In 1.3.30, scsi.c handled resets. When resetting, it set the device->expecting_cc_ua flag.
If UA was received when expecting_cc_ua was set, the command was retried if
retries were allowed. St allowed five retries for TEST UNIT READY and so the POR UA
was left in the midlevel. (If expecting_cc_ua was zero, UA:s were returned to the upper
level.)

Now, st does allow zero retries. In addition to this, the requests use either REQ_OP_DRV_IN
or REQ_OP_DRV_OUT and these requests are not retried. So, now POR UAs reach
st (as the experiments have indicated).

>> Your earlier patch added code to st to set pos_unknown when a POR UA
>> was found.
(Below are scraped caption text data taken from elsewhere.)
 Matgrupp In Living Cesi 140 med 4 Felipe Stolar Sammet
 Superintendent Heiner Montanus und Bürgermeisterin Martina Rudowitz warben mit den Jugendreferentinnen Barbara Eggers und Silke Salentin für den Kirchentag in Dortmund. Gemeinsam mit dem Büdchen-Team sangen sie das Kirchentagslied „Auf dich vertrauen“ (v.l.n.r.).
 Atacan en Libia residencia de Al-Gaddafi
So, is this now alone enough to catch the resets?
> 
> As long at the tape device actually sends a UA, no I don't think we need the was_reset code anymore.
> We should remove the device->was_reset code from st.c.
> 
Using device->was_reset has the advantage that it does not depend on the
drives sending UA. However, I think that a probability of a working drive
not sending UA after reset is minimal.

>> I now did some experiments with scsi_debug and in those experiments
>> reset initiated using sg_reset did result in st getting POR UA.
>> But this was just a simple and somewhat artificial test.
> 
> Yes, I've noticed that not all of the different emulators out there like MHVTL and scsi_debug
> will reliably send a POR UA following sg_reset. Especially scsi_debug. The tape emulation in
> scsi_debug is inadequate when it comes to resets AFAIAC.
> 
> I'll see if I can develop some further tests for MHVLT, but scsi_debug isn't worth the
> trouble (for me) and I've told our QE group here at Red Hat to stop testing the st driver
> with scsi_debug.  Doing this has led to too many false positives and passing tests. That's
> why I finally purchased a tape drive and started testing this myself.
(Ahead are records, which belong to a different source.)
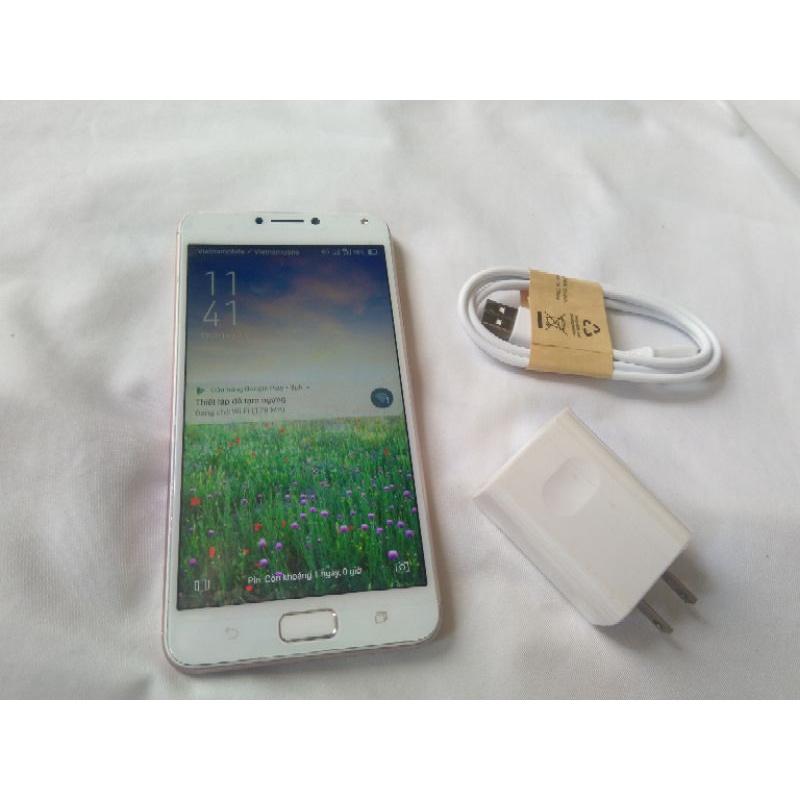 Điện thoại asus 4 Max Pro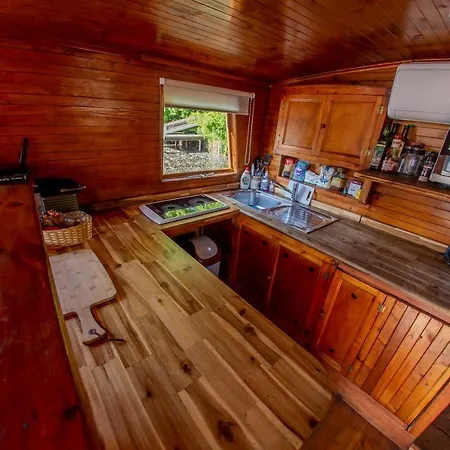 Botel Bay Houseboats 3*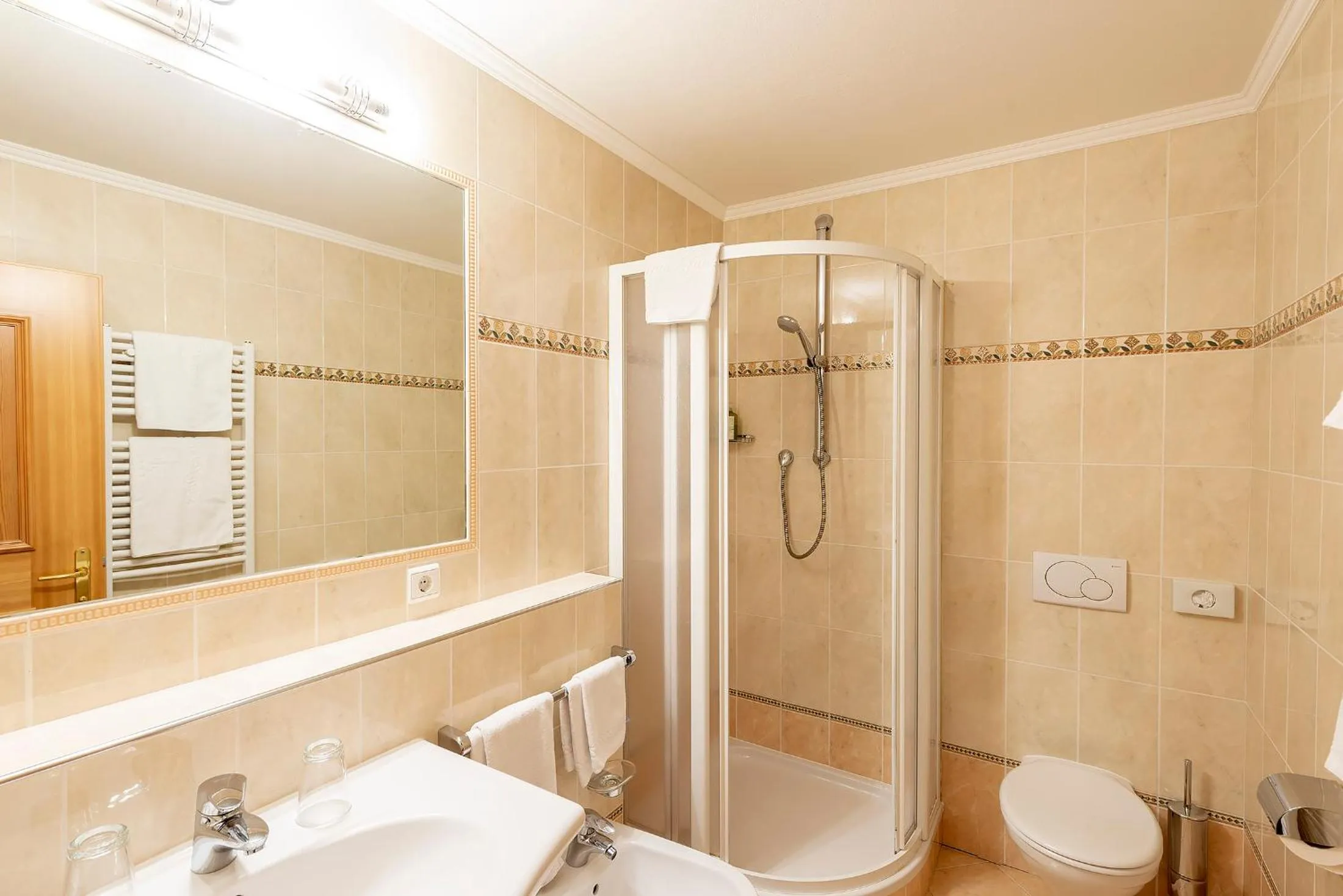 Bathroom in Hotel Gran Fanes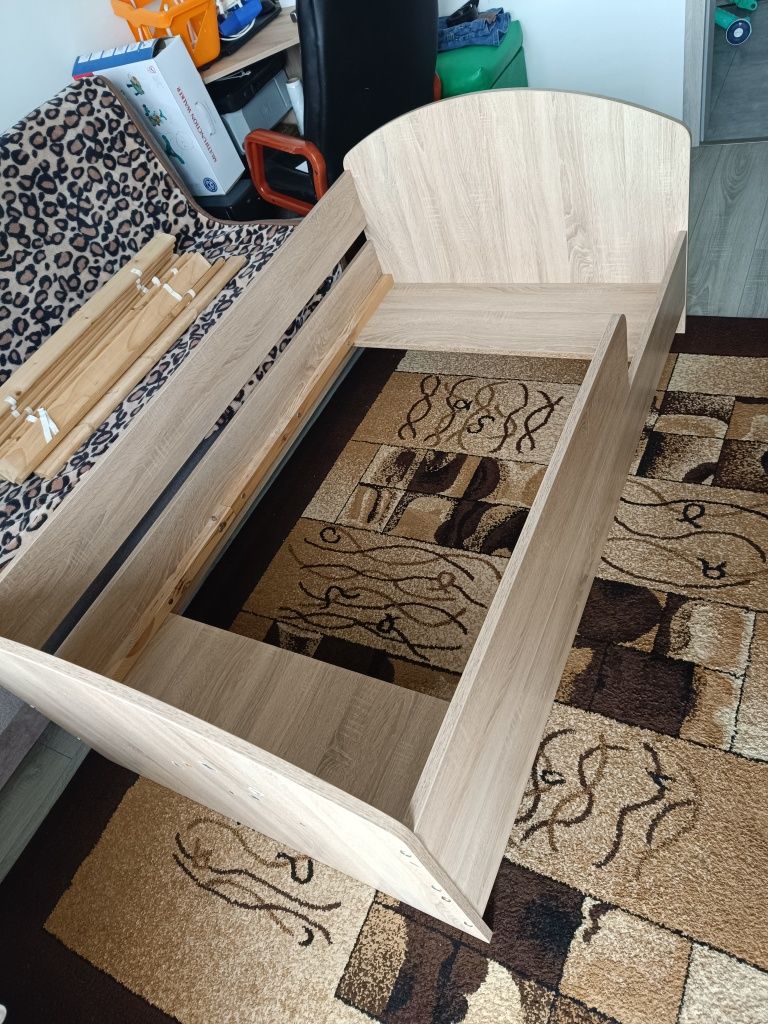 Łóżko dziecięce 160x90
I have a more positive view about scsi_debug. Its tape support is minimal, but it can be
useful if you consider what it does support and what it doesn't support.

A real drive is better, of course.

> If you want to remove the device->was_reset from the st driver I can help by running
> the patch through my tests with the tape device.

I will send patches tomorrow. The patches will also include a fix to another problem:
some parameters should be restored after reset in case of some operations like rewind:
the partition, density and block size should be restored to the values set before reset.

Thanks for your testing (so far and in future).

Kai